▸ EXERCISE AIM: In the data below, find every line that has the string "with", and copy it.

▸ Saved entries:
== Segment start ==
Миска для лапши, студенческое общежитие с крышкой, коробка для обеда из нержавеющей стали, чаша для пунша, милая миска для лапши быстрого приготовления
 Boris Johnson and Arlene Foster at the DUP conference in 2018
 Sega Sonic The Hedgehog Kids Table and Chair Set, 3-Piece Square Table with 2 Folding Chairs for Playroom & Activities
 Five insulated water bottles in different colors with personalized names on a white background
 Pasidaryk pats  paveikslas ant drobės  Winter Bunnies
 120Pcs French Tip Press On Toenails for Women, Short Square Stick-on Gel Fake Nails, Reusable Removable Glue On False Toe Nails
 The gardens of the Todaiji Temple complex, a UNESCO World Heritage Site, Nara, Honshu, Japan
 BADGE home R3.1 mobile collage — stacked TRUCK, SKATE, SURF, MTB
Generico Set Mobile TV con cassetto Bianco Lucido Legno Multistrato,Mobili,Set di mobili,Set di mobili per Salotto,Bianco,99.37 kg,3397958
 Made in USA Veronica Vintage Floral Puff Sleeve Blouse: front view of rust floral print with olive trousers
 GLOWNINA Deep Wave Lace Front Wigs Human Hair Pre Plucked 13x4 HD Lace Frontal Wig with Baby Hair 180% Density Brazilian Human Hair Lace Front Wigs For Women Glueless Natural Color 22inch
== Segment end ==
▸ OUTPUT FOR THIS EXERCISE:
 Sega Sonic The Hedgehog Kids Table and Chair Set, 3-Piece Square Table with 2 Folding Chairs for Playroom & Activities
 Five insulated water bottles in different colors with personalized names on a white background
 Made in USA Veronica Vintage Floral Puff Sleeve Blouse: front view of rust floral print with olive trousers
 GLOWNINA Deep Wave Lace Front Wigs Human Hair Pre Plucked 13x4 HD Lace Frontal Wig with Baby Hair 180% Density Brazilian Human Hair Lace Front Wigs For Women Glueless Natural Color 22inch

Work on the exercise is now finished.